Quando si parla di varianti, una cosa che è più difficile tenere in mente è la nomenclatura scientifica che viene loro assegnata. Per rimediare alla confusione, l’OMS ha annunciato su Twitter un importante cambiamento.
Da oggi, le varianti Covid saranno etichettate con l’alfabeto greco. Come mai questa scelta?
Alfabeto greco per le varianti Covid: le motivazioni
Una prima motivazione dell’OMS è meramente pratica. A livello internazionale, infatti, l’alfabeto greco ha la grande possibilità di superare le barriere linguistiche, un po’ come fanno già, a loro modo, i numeri.
Nella lotta al Covid, infatti, c’è il bisogno d’incrementare il più possibile il contatto fra tutte le comunità scientifiche. Bisogna eliminare ogni ostacolo, anche quello della lingua. La stessa OMS ha infatti incoraggiato gli Stati a passare alla nuova nomenclatura, per poter agevolare il dialogo scientifico attorno alla pandemia.

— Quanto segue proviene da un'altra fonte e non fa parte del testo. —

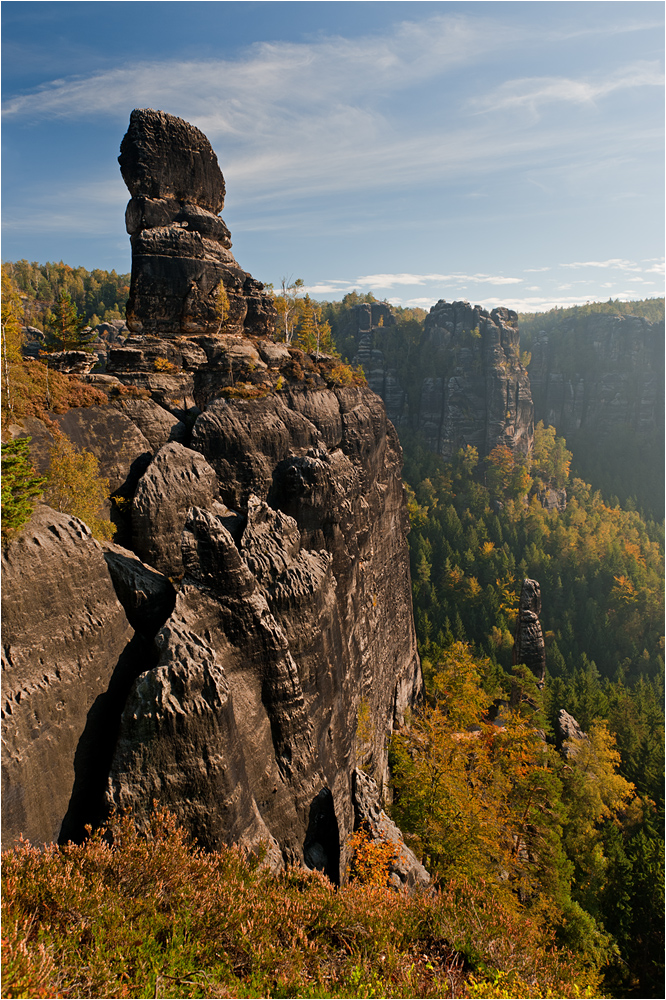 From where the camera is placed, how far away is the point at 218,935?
10.6 m

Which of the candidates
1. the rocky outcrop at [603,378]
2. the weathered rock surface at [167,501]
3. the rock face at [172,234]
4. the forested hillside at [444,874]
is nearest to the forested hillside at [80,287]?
the forested hillside at [444,874]

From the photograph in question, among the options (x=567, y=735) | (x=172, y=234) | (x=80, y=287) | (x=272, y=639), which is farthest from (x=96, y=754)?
(x=80, y=287)

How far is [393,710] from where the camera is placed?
1615 inches

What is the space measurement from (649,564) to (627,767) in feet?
235

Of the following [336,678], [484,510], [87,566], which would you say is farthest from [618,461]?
[87,566]

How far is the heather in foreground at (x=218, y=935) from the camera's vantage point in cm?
911

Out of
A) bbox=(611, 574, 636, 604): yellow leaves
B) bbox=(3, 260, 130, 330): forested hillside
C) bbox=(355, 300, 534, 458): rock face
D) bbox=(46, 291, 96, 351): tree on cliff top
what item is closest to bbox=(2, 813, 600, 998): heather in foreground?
bbox=(46, 291, 96, 351): tree on cliff top

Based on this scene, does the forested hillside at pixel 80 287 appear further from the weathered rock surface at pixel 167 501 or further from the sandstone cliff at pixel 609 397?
the sandstone cliff at pixel 609 397

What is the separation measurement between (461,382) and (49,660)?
469 ft

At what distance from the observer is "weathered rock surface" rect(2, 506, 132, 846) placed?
1235 cm

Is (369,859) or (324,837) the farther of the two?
(369,859)

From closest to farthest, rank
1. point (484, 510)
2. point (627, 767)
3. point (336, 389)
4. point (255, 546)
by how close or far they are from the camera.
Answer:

Per fare alcuni esempi, la variante inglese cambierà nome, da B.1.1.7 ad Alpha. Quella indiana, da B.1.617.2 diventerà Delta.

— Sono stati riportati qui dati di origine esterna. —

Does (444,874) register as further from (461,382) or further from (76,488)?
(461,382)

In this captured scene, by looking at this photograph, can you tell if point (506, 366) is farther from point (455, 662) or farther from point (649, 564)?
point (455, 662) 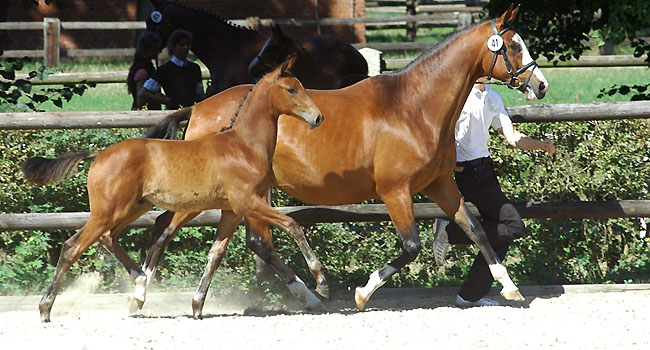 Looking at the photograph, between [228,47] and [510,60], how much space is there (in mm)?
3770

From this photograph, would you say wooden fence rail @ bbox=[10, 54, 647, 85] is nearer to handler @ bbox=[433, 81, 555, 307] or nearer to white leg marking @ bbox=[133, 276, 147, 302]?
handler @ bbox=[433, 81, 555, 307]

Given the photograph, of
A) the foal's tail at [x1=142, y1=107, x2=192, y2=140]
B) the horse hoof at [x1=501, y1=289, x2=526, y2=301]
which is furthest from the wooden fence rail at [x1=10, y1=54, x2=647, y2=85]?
the horse hoof at [x1=501, y1=289, x2=526, y2=301]

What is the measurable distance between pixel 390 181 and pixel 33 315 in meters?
2.61

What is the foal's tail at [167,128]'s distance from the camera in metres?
6.44

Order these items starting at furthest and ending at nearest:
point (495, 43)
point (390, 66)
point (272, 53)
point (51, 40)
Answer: point (51, 40) < point (390, 66) < point (272, 53) < point (495, 43)

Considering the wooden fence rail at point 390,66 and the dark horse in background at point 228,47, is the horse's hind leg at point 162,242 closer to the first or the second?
the dark horse in background at point 228,47

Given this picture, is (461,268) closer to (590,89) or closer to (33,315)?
(33,315)

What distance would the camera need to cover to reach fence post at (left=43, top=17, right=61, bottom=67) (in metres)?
18.9

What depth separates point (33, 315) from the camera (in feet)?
21.4

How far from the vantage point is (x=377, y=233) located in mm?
7324

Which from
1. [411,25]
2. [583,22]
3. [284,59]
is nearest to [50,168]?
[284,59]

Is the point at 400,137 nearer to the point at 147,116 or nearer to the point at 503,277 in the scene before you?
the point at 503,277

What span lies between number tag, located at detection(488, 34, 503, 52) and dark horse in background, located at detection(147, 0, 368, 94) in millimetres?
3045

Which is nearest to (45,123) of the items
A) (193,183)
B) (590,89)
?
(193,183)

C’è un altro aspetto che dobbiamo considerare. Il cambiare nomi alle varianti, associandole alle lettere greche, viene incontro ai paesi in cui purtroppo queste vengono rilevate.
Un conto è parlare per sigle, rendendo certamente più facile passare da B.1.1.7 a “variante inglese”. Un altro è avere una comunicazione più semplificata che non assocerebbe i singoli paesi alle varianti, o quanto meno ne ridurrebbe il rischio. Le varianti Covid sarebbero meno associate ai luoghi di rilevamento, diminuendo la possibile discriminazione nei confronti dei paesi in cui sono scoperte.
Ciò, per l’OMS, permetterebbe un dialogo più costruttivo e meno discriminatorio anche nell’opinione pubblica. Questo può ridurre lo stigma legato alle persone che provengono dai luoghi in cui vengono scoperte le varianti.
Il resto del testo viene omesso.